19. Juli 2026 | 7. Sonntag nach Trinitatis
09.30 Uhr - Gottesdienst unter musikalischer Mitgestaltung des Singkreises. (Pfarrerin Lieb)
Das Opfer ist für die Arbeit in der eigenen Gemeinde bestimmt.
Wochenspruch: So seid ihr nun nicht mehr Gäste und Fremdlinge, sondern Mitbürger der Heiligen und Gottes Hausgenossen. Ephesser 2, Vers 19
 

26. Juli 2026 | 8. Sonntag nach Trinitatis
09.30 Uhr - Gottesdienst mit Tauffeier. (Pfarrerin Lieb)
Die Kollekte ist für Ökumene und Auslandsarbeit der EKD - Evangelischen Kirche in Deutschland bestimmt.
Wochenspruch: Wandelt als Kinder des Lichts; die Frucht des Lichts ist lauter Güte und Gerechtigkeit und Wahrheit. Ephesser 5, Verse 8b + 9
 

  

02. August 2026 | 9. Sonntag nach Trinitatis
10.00 Uhr - SOMMER-Bring-and-Share-Gottesdienst mit der 3SAM-Gemeinde
im Pfarrgarten in Weiler. (N.N.)
Das Opfer ist für die Arbeit in der Gemeinde bestimmt.
Wochenspruch: Wem viel gegeben ist, bei dem wird man viel suchen; und wem viel anvertraut ist, von dem wird man umso mehr fordern. Lukas 12, Vers 48
 

09. August 2026 | 10. Sonntag nach Trinitatis
10.00 Uhr - SOMMER-Gottesdienst mit der 3SAM-Gemeinde
in der Barbara-Kirche in Ellmendingen. (Prädikantin Lattewitz)
Die Kollekte ist für Zeichen der Versöhnung mit Israel bestimmt.
Wochenspruch: Wohl dem Volk, dessen Gott der Herr ist, dem Volk, das er zum Erbe erwählt hat!
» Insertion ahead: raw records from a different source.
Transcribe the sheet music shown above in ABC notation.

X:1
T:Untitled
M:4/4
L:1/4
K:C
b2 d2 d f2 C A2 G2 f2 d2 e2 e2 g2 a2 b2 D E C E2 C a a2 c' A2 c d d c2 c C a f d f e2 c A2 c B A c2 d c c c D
Psalm 33, Vers 12
 

16. August 2026 | 11. Sonntag nach Trinitatis
10.00 Uhr - SOMMER-Gottesdienst mit der 3SAM-Gemeinde
in der evangelischen Kirche in Dietenhausen. (Prädikantin Zachmann)
Das Opfer ist für die Arbeit in der Gemeinde bestimmt.
Wochenspruch: Gott widersteht dem Hochmütigen, aber den Demütigen gibt er Gnade. 1. Petrus 5, Vers 5b
 

23. August 2026 | 12. Sonntag nach Trinitatis
10.00 Uhr - SOMMER-Gottesdienst mit der 3SAM-Gemeinde
in der Andreaskirche in Dietlingen. (Prädikant Stark)
Die Kollekte ist für Landeskirchliche Angebote für Menschen in materieller Not bestimmt.
Wochenspruch: Das geknickte Rohr wird er nicht zerbrechen, und den glimmenden Docht wird er nicht auslöschen. Jesaja 42, Vers 3a
 

30. August 2026 | 13. Sonntag nach Trinitatis
10.00 - Uhr - SOMMER-Gottesdienst mit Tauffeier mit der 3SAM-Gemeinde in der Barbara-Kirche in Ellmendingen. (Prädikant Planner)
Das Opfer ist für die Arbeit in der Gemeinde bestimmt.
Wochenspruch: Christus spricht: Was ihr getan habt einem von diesen meinen geringsten Brüdern, das habt ihr mir getan. Matthäus 25, Vers 40b
 

06. September 2026 | 14. Sonntag nach Trinitatis
10.00 Uhr - SOMMER-Gottesdienst mit der 3SAM-Gemeinde in der evangelischen Kirche in Weiler. (Pfarrer Silberhorn)
Das Opfer ist für die Arbeit in der Gemeinde bestimmt.
Wochenspruch: Lobe den Herr, meine Seele, und vergiss nicht, was er dir Gutes getan hat. Psalm 103, Vers 2
 

13. September 2026 | 15. Sonntag nach Trinitatis
10.00 Uhr - SOMMER-Gottesdienst mit der 3SAM-Gemeinde in der Andreaskirche in Dietlingen. (Pfarrerin Lieb)
Die Kollekte ist für Landeskirchliche Beratung und Hilfe für Geflüchtete und Migrant*innen bestimmt.
Wochenspruch: Alle eure Sorge werft auf ihn; denn er sorgt für euch. 1. Petrus 5, Vers 7
 

Änderungen vorbehalten.

 

 

Alternative Gottesdienste & Andachten

Termine und weitere Informationen zu den ökumenischen Fernsehgottesdiensten erhalten Sie unter www.zdf.fernsehgottesdienste.de. 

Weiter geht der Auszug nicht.